The Myth of the “Normal” Brain
Mainstream society is built for a narrow definition of how people should think, move, communicate, and interact. This so-called "normal" is not neutral—it’s shaped by cultural, colonial, and capitalist values like efficiency, control, politeness, emotional restraint, and constant productivity.
If your brain works differently—if you need time, clarity, flexibility, or space—you're often made to feel like you are the problem. Things are supposed to run smoothly along the norm without interruption. Interruptions become a threat to the system, and the system itself is rarely if ever questioned.
This isn’t just unfair. It’s harmful. People have inherent value and are not casualties or interruptions.
Five Ways Society Manufactures Anxiety in Neurodivergent People
1. Accommodations are judged as unfair or “too much”
When neurodivergent people ask for accommodations—extended time, sensory modifications, written communication, flexible deadlines—it’s common to be met with resistance or resentment. People question the legitimacy of your needs or suggest you’re getting special treatment.
This creates a chronic internal conflict: do I advocate for myself and risk rejection, or do I mask my needs and burn out?

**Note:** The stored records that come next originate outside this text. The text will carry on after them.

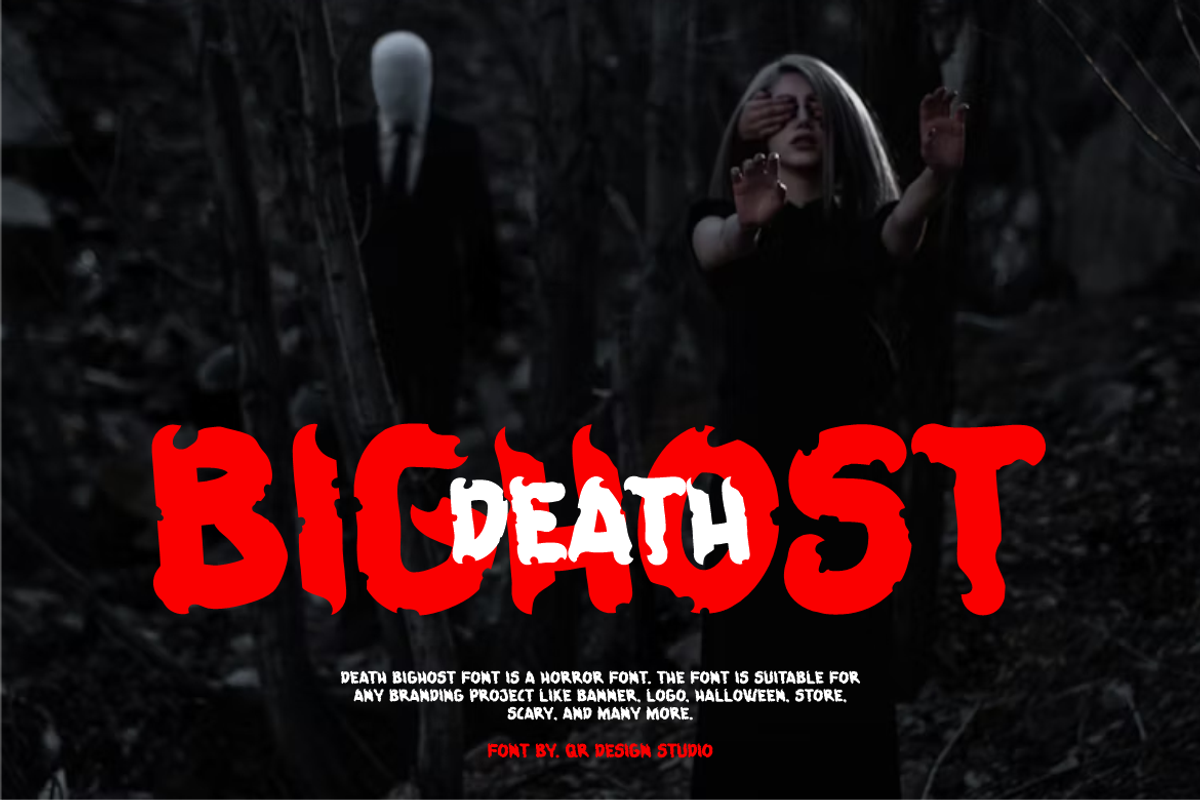 Death Bighost - Horror Font, a Blackletter Font by QR Design Studio (Photo 1 of 9)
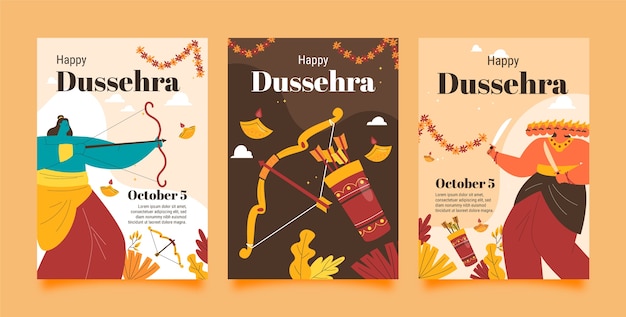 Vector gratuito plantilla de tarjeta plana dussehra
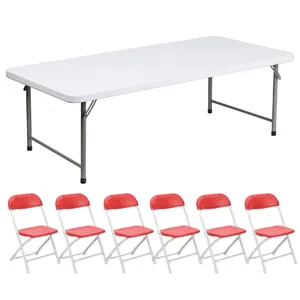 Kids 5ft Table & 6 Red Plastic Kids Chairs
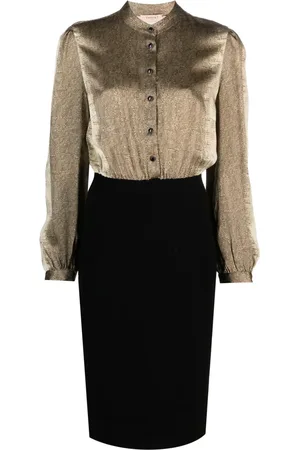 Twin-Set Vestido con motivo abstracto y placa del logo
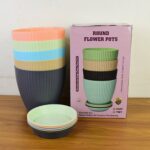 Round Plastic Flower Pot with Bottom Tray (5 Pcs Set / With Color Box) - Fabric Detail by Nari Haat, Indian ethnic we...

This tension is a manufactured anxiety. It’s not inherent to you—it’s the result of a system that frames support as indulgence rather than equity. In fact, many of the accommodations are matters of design that would have benefits to many people and systems at large. They are sometimes costly, but often not. The fact that a neurodivergent friendly design is not the norm does not mean that such design is inferior or too much. What it does mean, is that people wanting a design that works well for them are burdened with requesting a change in the default order. This positions them as a nuisance.
2. Demands don’t relent
Many neurodivergent people have limited capacity for sustained focus, social interaction, or sensory input. But in a world that prizes or normalizes productivity, overwork, numbing to exhaustion, immediate responsiveness, and constant availability, you’re expected to keep going no matter what. This requires ignoring interoceptive signals that you are too tired, about to get sick, or doing something against your will. Such ongoing ignoring is training to your body - ignore what you feel, and follow what you are pressured to do.
The result? Chronic anxiety rooted in the fear of falling behind or being seen as less than. Not because you’re failing—but because the pace was never made for you.
3. Conventions are rarely explained
So many social rules—eye contact, small talk, tone of voice, meeting etiquette—are implicit. They're rarely taught explicitly, and when you don’t pick them up automatically, you risk being seen as rude, awkward, or off.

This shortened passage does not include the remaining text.